Exercise: Below are some records. Write out exactly their lines from the one with "هایما S7 پلاس 1.8 لیتر توربو - 2024" through the one with "JAS0301 JAS0301 ����", and leave the pictures behind.

Short descriptive text snippets:
Segment Open

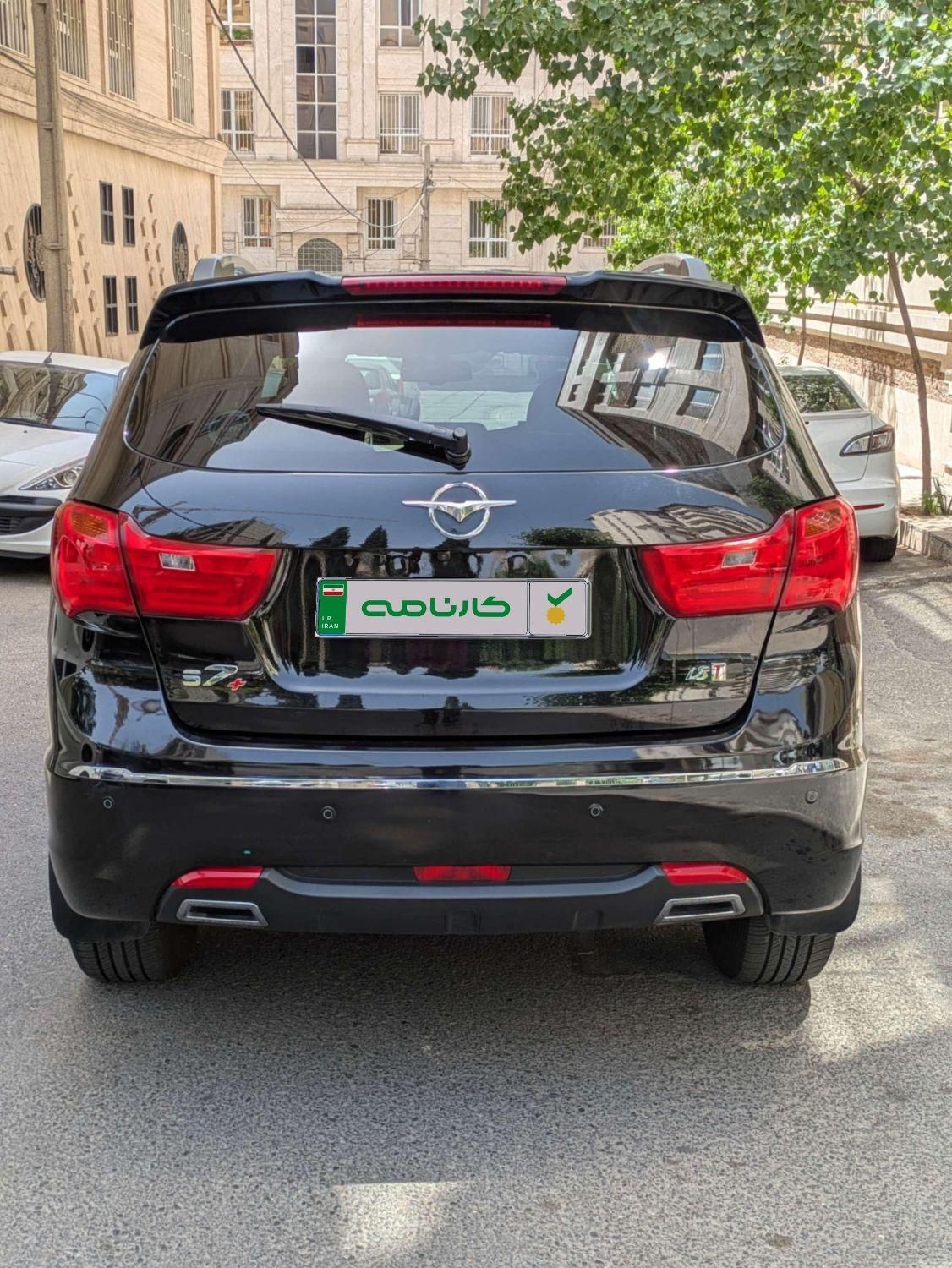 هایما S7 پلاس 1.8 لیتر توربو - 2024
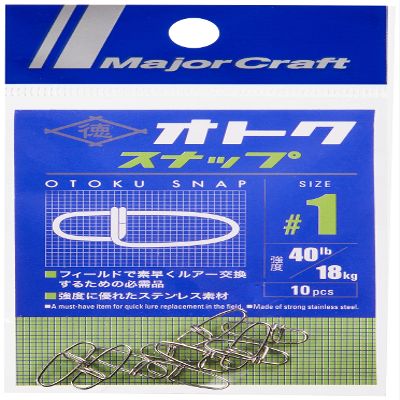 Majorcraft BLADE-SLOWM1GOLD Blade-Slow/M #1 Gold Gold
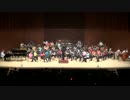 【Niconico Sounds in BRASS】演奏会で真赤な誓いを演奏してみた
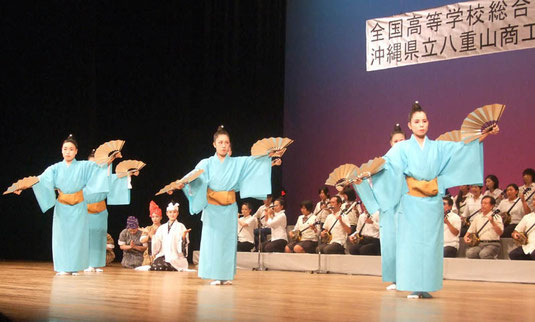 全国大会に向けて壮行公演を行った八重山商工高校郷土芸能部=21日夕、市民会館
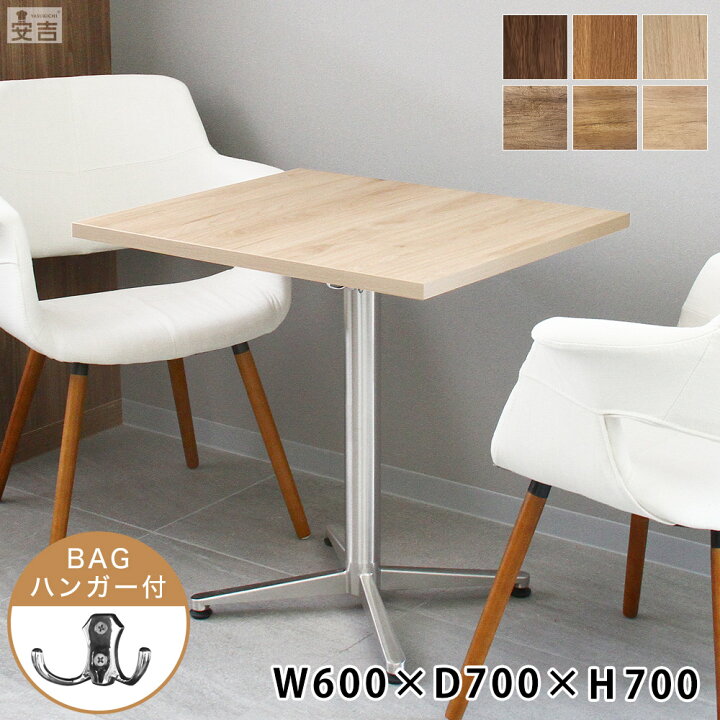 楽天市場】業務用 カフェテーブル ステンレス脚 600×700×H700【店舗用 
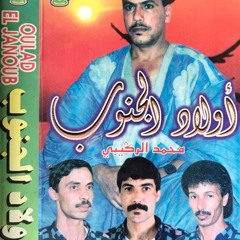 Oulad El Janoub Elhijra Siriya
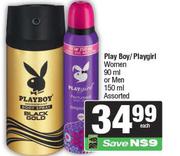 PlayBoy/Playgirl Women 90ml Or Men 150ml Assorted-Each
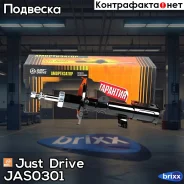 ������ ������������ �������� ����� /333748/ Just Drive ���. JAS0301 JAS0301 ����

Segment Closed
Segment Open

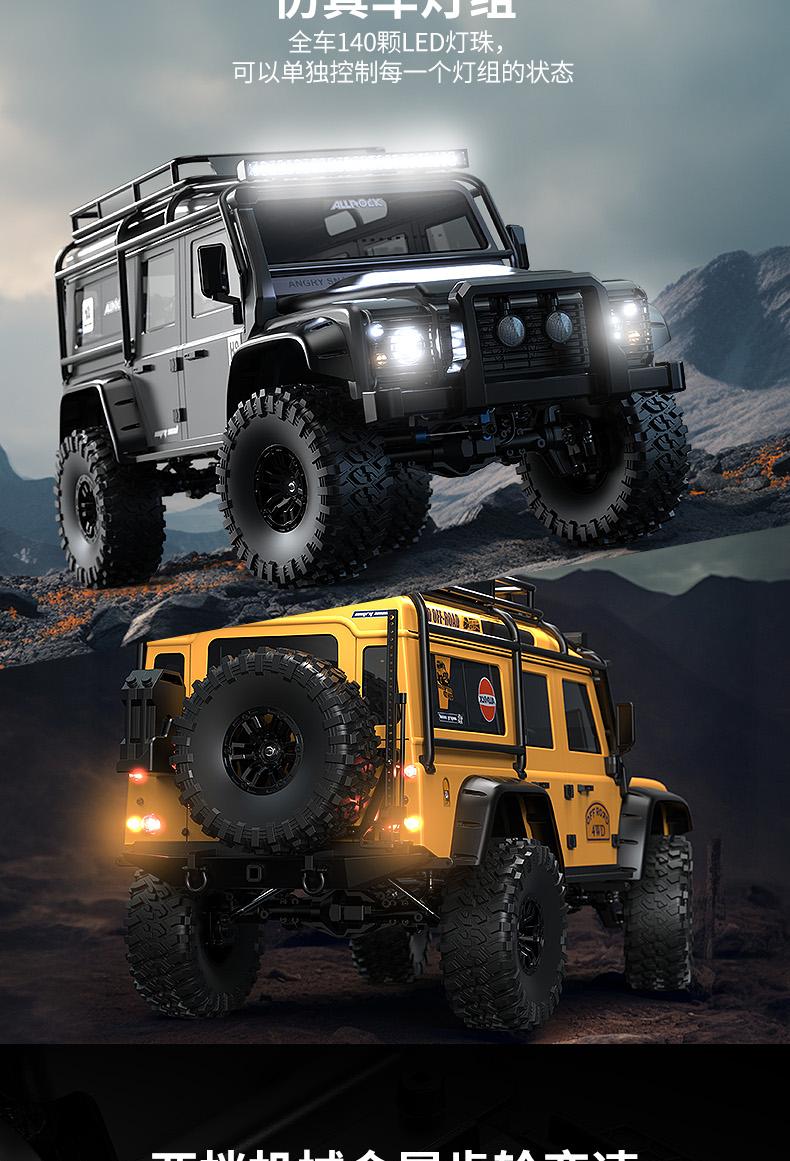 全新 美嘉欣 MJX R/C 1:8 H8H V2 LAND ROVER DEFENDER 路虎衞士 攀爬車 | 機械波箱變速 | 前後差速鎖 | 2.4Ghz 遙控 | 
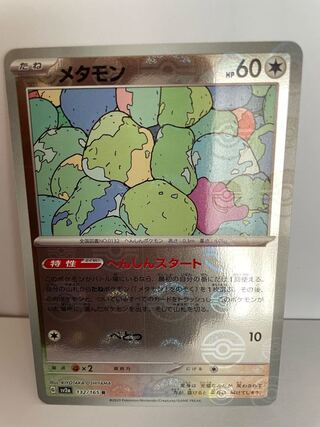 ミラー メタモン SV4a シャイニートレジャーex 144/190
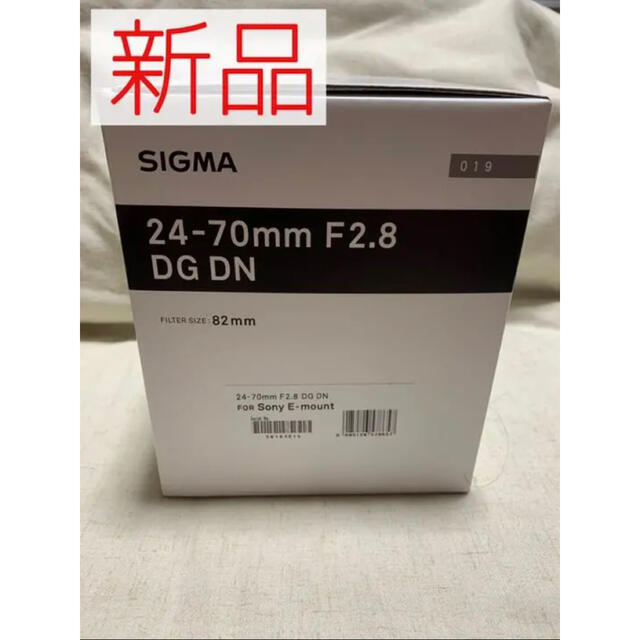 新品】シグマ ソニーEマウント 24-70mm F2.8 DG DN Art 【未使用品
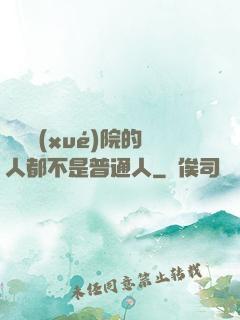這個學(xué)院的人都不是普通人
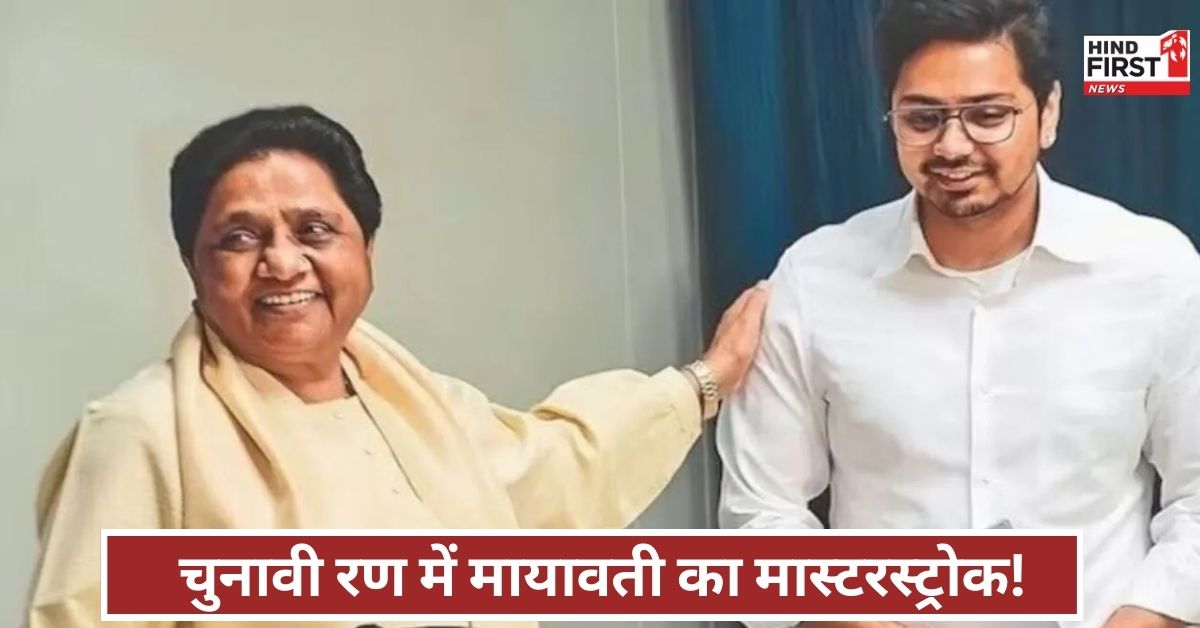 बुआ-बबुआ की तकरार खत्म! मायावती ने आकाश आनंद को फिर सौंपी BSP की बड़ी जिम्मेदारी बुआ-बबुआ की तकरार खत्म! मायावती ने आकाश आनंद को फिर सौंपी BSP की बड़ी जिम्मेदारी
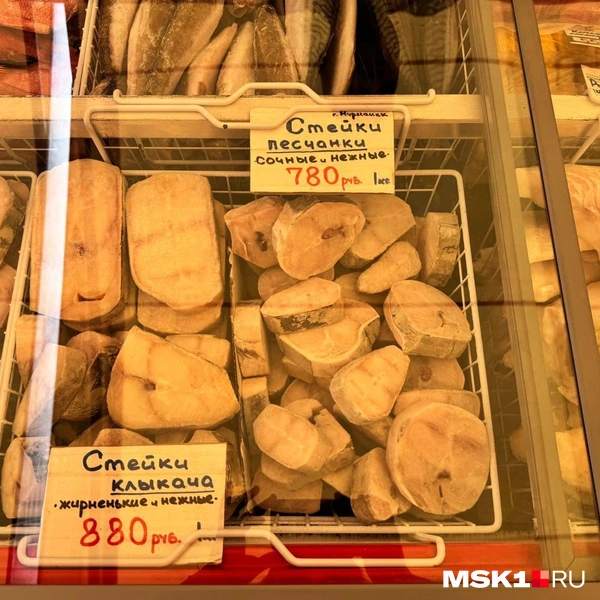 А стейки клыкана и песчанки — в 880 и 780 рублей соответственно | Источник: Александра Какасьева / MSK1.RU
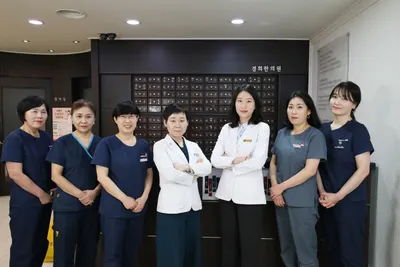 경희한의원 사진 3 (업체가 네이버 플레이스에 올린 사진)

Segment Closed

Result for this exercise:
 هایما S7 پلاس 1.8 لیتر توربو - 2024
 Majorcraft BLADE-SLOWM1GOLD Blade-Slow/M #1 Gold Gold
 【Niconico Sounds in BRASS】演奏会で真赤な誓いを演奏してみた
 全国大会に向けて壮行公演を行った八重山商工高校郷土芸能部=21日夕、市民会館
 楽天市場】業務用 カフェテーブル ステンレス脚 600×700×H700【店舗用 
 Oulad El Janoub Elhijra Siriya
 PlayBoy/Playgirl Women 90ml Or Men 150ml Assorted-Each
 ������ ������������ �������� ����� /333748/ Just Drive ���. JAS0301 JAS0301 ����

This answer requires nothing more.